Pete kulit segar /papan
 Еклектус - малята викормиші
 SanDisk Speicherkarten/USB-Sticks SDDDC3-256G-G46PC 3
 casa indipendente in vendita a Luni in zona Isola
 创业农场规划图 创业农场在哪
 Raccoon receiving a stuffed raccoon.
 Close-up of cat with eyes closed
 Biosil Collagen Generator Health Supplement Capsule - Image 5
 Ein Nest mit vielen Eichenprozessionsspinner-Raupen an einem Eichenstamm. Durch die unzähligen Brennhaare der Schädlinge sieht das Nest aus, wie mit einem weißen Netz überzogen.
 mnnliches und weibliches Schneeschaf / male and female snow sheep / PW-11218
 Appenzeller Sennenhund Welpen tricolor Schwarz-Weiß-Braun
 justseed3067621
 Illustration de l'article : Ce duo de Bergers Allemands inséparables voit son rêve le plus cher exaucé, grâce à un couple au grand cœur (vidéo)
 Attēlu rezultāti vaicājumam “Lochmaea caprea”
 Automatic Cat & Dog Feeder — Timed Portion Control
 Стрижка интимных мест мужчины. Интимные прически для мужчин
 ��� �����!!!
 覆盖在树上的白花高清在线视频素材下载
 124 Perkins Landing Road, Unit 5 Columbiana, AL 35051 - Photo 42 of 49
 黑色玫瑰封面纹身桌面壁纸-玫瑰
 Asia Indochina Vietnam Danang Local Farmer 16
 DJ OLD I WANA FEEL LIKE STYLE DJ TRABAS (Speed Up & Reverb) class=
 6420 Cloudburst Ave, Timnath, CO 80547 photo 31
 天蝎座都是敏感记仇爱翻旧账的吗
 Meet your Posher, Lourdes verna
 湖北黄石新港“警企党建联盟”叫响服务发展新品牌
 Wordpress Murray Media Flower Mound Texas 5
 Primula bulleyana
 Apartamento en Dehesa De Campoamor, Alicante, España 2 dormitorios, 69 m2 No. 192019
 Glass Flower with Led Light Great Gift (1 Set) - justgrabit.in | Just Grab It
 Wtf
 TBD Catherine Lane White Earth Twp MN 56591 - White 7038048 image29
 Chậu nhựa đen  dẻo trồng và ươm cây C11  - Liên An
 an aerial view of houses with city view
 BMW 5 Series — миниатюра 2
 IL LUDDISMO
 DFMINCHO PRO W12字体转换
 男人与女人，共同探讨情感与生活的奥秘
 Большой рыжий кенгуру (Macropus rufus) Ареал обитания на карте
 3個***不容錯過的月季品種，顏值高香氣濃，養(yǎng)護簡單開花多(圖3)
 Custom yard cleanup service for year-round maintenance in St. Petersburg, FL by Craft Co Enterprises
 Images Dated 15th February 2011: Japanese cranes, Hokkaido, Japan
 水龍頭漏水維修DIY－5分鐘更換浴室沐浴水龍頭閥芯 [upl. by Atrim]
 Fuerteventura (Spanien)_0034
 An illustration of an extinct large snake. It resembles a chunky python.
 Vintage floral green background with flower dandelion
※
Exactly as it stands, output the whole listing.

Expected answer:
Pete kulit segar /papan
 Еклектус - малята викормиші
 SanDisk Speicherkarten/USB-Sticks SDDDC3-256G-G46PC 3
 casa indipendente in vendita a Luni in zona Isola
 创业农场规划图 创业农场在哪
 Raccoon receiving a stuffed raccoon.
 Close-up of cat with eyes closed
 Biosil Collagen Generator Health Supplement Capsule - Image 5
 Ein Nest mit vielen Eichenprozessionsspinner-Raupen an einem Eichenstamm. Durch die unzähligen Brennhaare der Schädlinge sieht das Nest aus, wie mit einem weißen Netz überzogen.
 mnnliches und weibliches Schneeschaf / male and female snow sheep / PW-11218
 Appenzeller Sennenhund Welpen tricolor Schwarz-Weiß-Braun
 justseed3067621
 Illustration de l'article : Ce duo de Bergers Allemands inséparables voit son rêve le plus cher exaucé, grâce à un couple au grand cœur (vidéo)
 Attēlu rezultāti vaicājumam “Lochmaea caprea”
 Automatic Cat & Dog Feeder — Timed Portion Control
 Стрижка интимных мест мужчины. Интимные прически для мужчин
 ��� �����!!!
 覆盖在树上的白花高清在线视频素材下载
 124 Perkins Landing Road, Unit 5 Columbiana, AL 35051 - Photo 42 of 49
 黑色玫瑰封面纹身桌面壁纸-玫瑰
 Asia Indochina Vietnam Danang Local Farmer 16
 DJ OLD I WANA FEEL LIKE STYLE DJ TRABAS (Speed Up & Reverb) class=
 6420 Cloudburst Ave, Timnath, CO 80547 photo 31
 天蝎座都是敏感记仇爱翻旧账的吗
 Meet your Posher, Lourdes verna
 湖北黄石新港“警企党建联盟”叫响服务发展新品牌
 Wordpress Murray Media Flower Mound Texas 5
 Primula bulleyana
 Apartamento en Dehesa De Campoamor, Alicante, España 2 dormitorios, 69 m2 No. 192019
 Glass Flower with Led Light Great Gift (1 Set) - justgrabit.in | Just Grab It
 Wtf
 TBD Catherine Lane White Earth Twp MN 56591 - White 7038048 image29
 Chậu nhựa đen  dẻo trồng và ươm cây C11  - Liên An
 an aerial view of houses with city view
 BMW 5 Series — миниатюра 2
 IL LUDDISMO
 DFMINCHO PRO W12字体转换
 男人与女人，共同探讨情感与生活的奥秘
 Большой рыжий кенгуру (Macropus rufus) Ареал обитания на карте
 3個***不容錯過的月季品種，顏值高香氣濃，養(yǎng)護簡單開花多(圖3)
 Custom yard cleanup service for year-round maintenance in St. Petersburg, FL by Craft Co Enterprises
 Images Dated 15th February 2011: Japanese cranes, Hokkaido, Japan
 水龍頭漏水維修DIY－5分鐘更換浴室沐浴水龍頭閥芯 [upl. by Atrim]
 Fuerteventura (Spanien)_0034
 An illustration of an extinct large snake. It resembles a chunky python.
 Vintage floral green background with flower dandelion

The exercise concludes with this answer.